- The task: Reproduce, unchanged, the lines between the one holding "Außenansicht des Ferienhauses" and the last line of the records, including both ends, but no pictures.

- Extracted material:
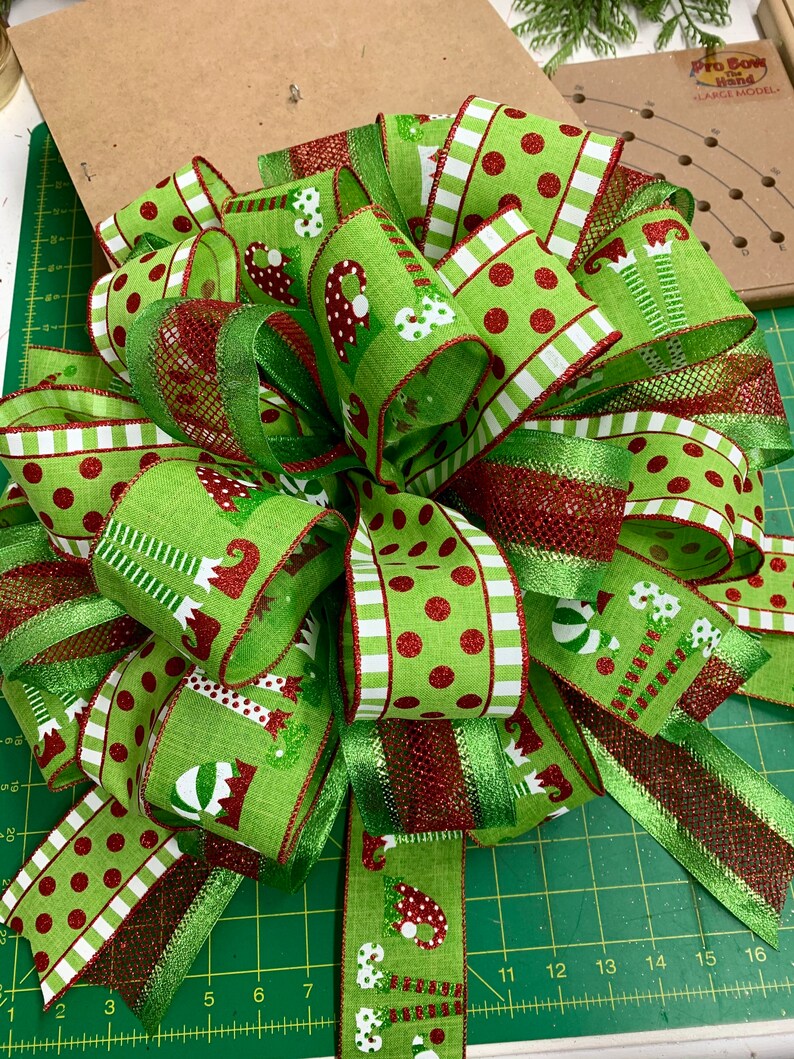 Tree Topper Bow, Tree Topper Bow With Streamers, Tree Topper Bow Green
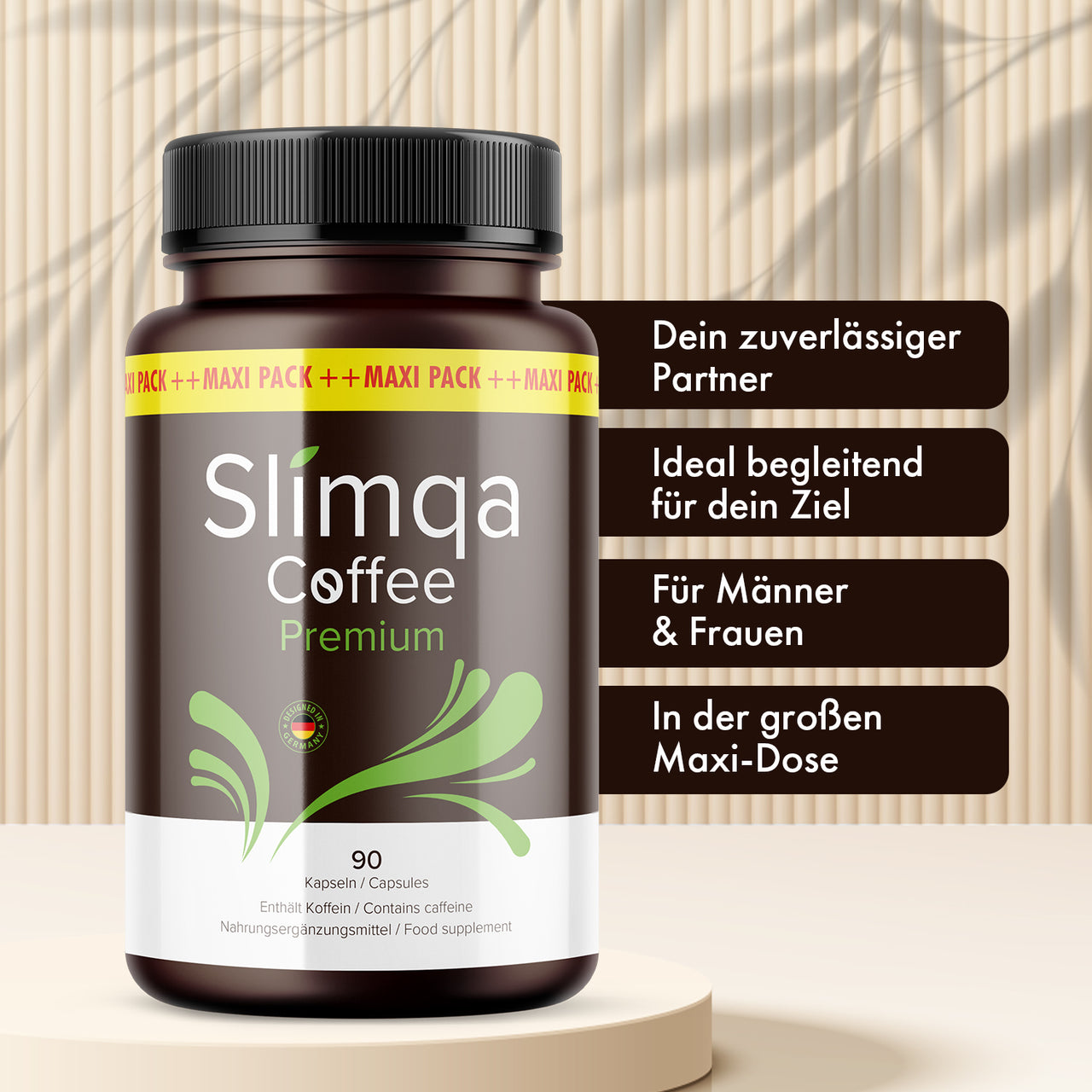 Slimqa Coffee Premium Dose mit 90 Kapseln neben vier sichtbaren Hinweisen zu Produktmerkmalen
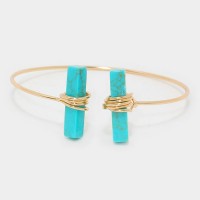 Turquoise Stone Vertical Blocks Open Cuff Bangle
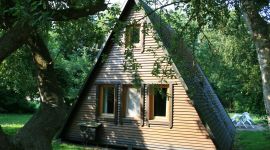 Außenansicht des Ferienhauses 152 im Ferienpark Geesthof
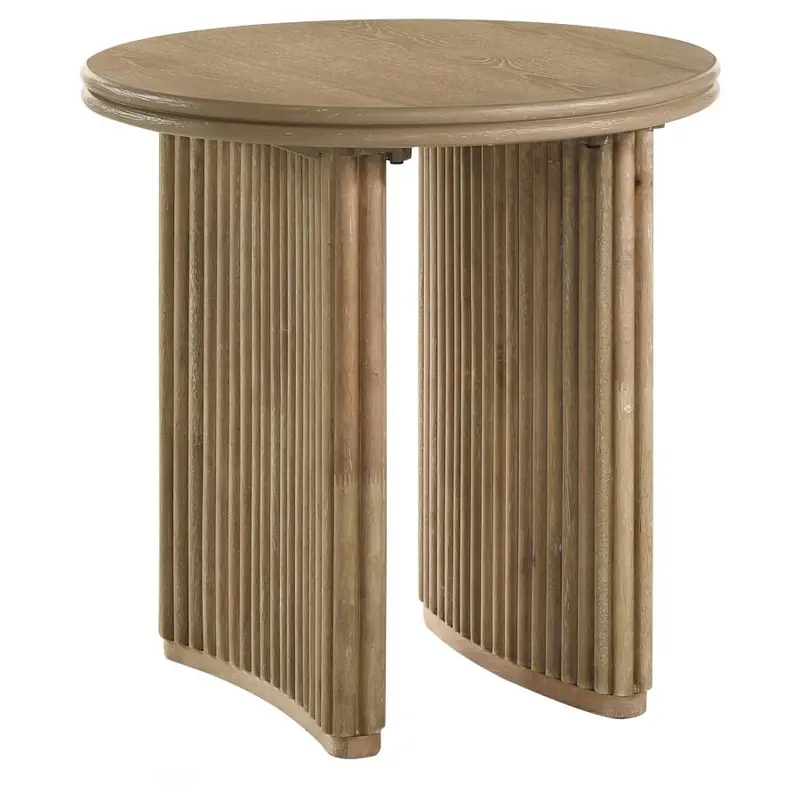 Adina Solid Wood Round Dining Table – Compact 53-Inch Distressed Brown Table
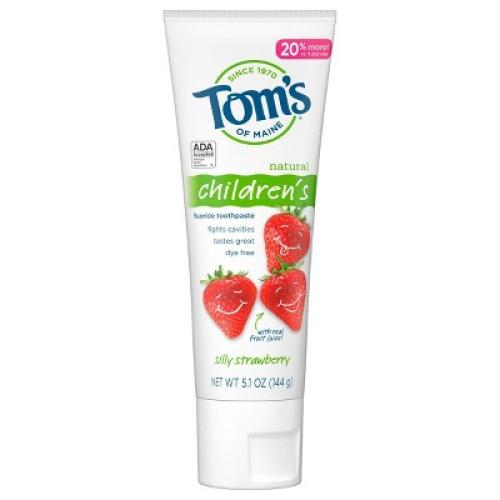 3 unit Tom's of Maine Silly Strawberry Children's Anticavity Toothpaste - 5.1oz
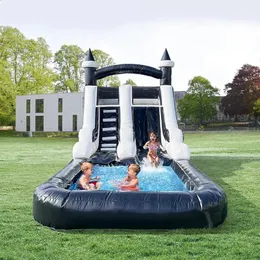 Custom Commercial Ocean Ocean Themeed PVC 21ft inblasbares Bounce House mit Rutsche und Ballgrube Wasserrutsche Outdoor Sprung Bounce Schloss 240403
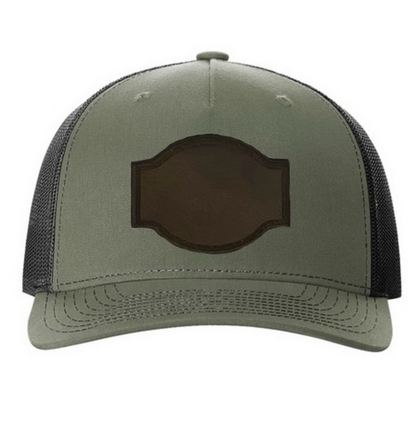 Loden/ Black Richardson Leather Patch Trucker Hat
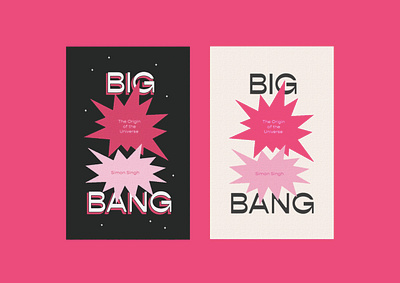 Big Bang bold book book cover branding bright cosmic expansion cosmology cover art cover artwork cover design explosion flat illustration layout physics pink stars theory universe vector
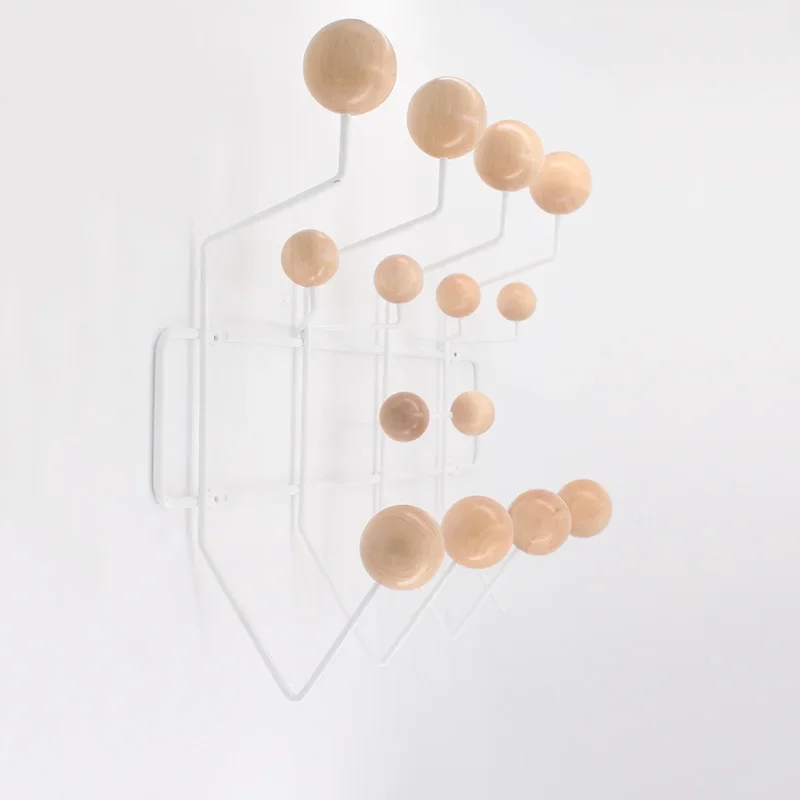 Kindergarten Clothes Rack Iron with Solid Wood Ball Wall Hanging Hook for Kid’s Room Organizer Child-Friendly Storage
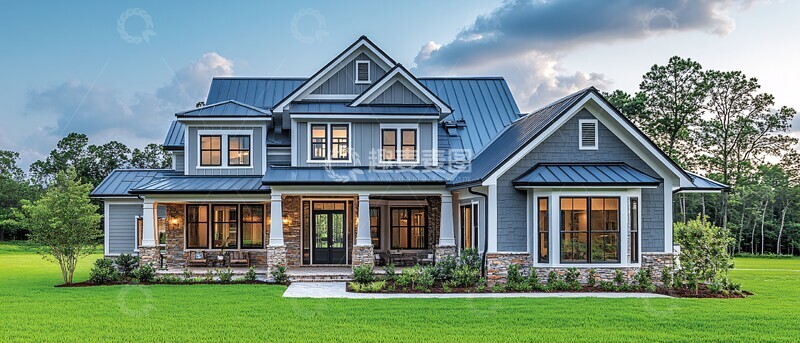 高清大图下载【趣麦麦图】灰白木屋绿树环绕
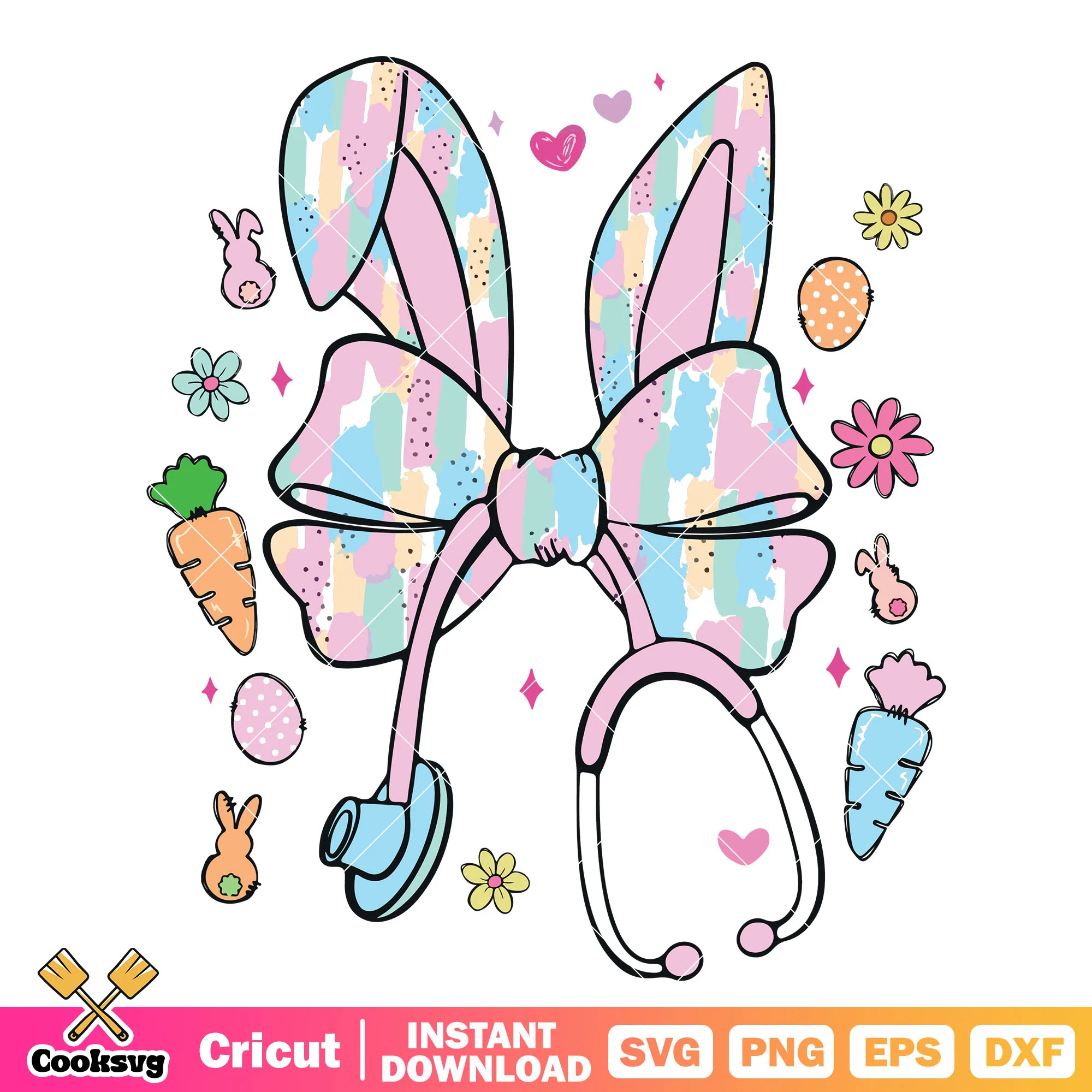 Bunny bow tie nurse svg, bow ties near me svg, bunny ears svg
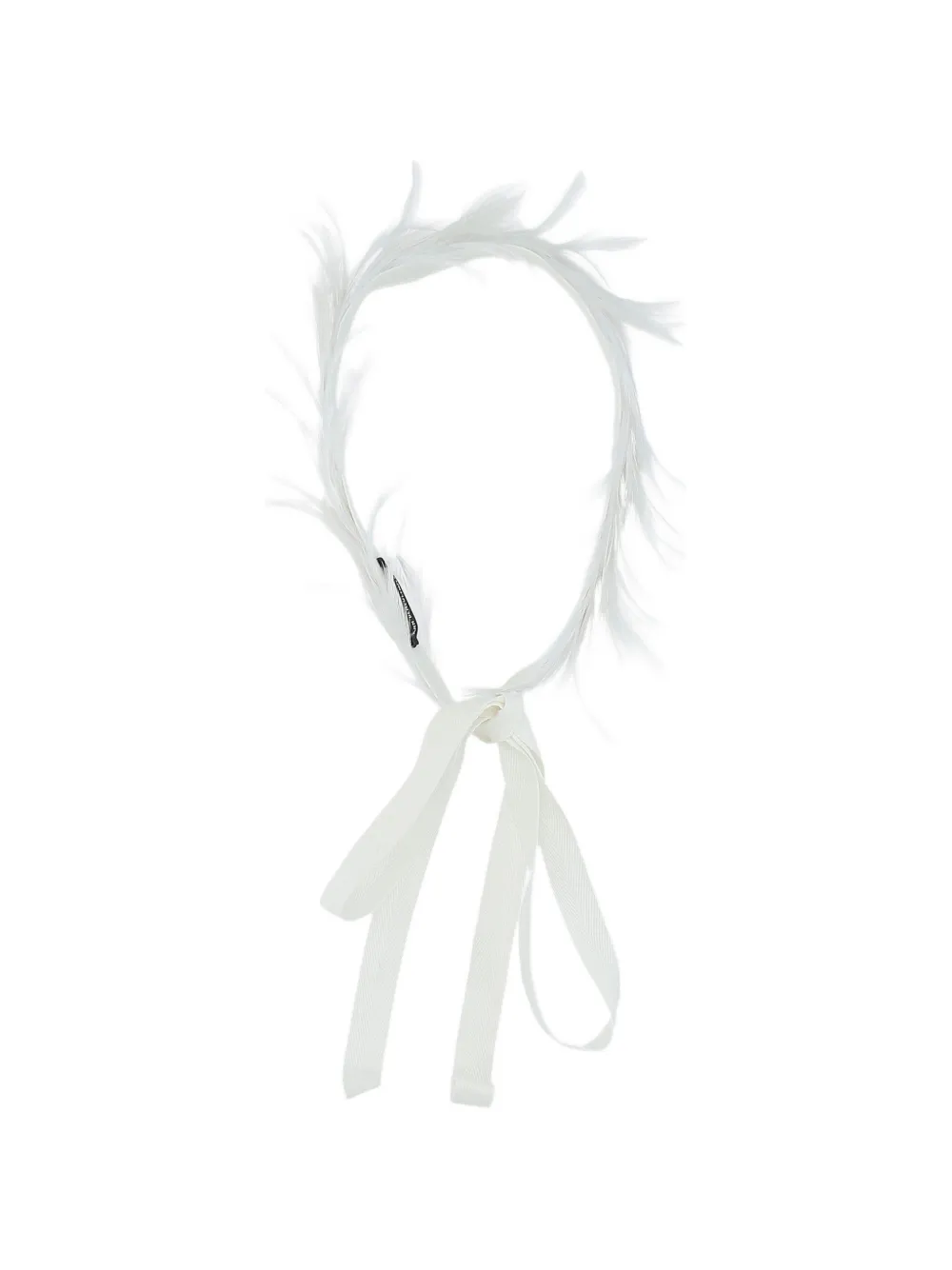 Ann Demeulemeester Zena feather-embellished self-tie headband - Bianco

- Answer area:
 Außenansicht des Ferienhauses 152 im Ferienpark Geesthof
 Adina Solid Wood Round Dining Table – Compact 53-Inch Distressed Brown Table
 3 unit Tom's of Maine Silly Strawberry Children's Anticavity Toothpaste - 5.1oz
 Custom Commercial Ocean Ocean Themeed PVC 21ft inblasbares Bounce House mit Rutsche und Ballgrube Wasserrutsche Outdoor Sprung Bounce Schloss 240403
 Loden/ Black Richardson Leather Patch Trucker Hat
 Big Bang bold book book cover branding bright cosmic expansion cosmology cover art cover artwork cover design explosion flat illustration layout physics pink stars theory universe vector
 Kindergarten Clothes Rack Iron with Solid Wood Ball Wall Hanging Hook for Kid’s Room Organizer Child-Friendly Storage
 高清大图下载【趣麦麦图】灰白木屋绿树环绕
 Bunny bow tie nurse svg, bow ties near me svg, bunny ears svg
 Ann Demeulemeester Zena feather-embellished self-tie headband - Bianco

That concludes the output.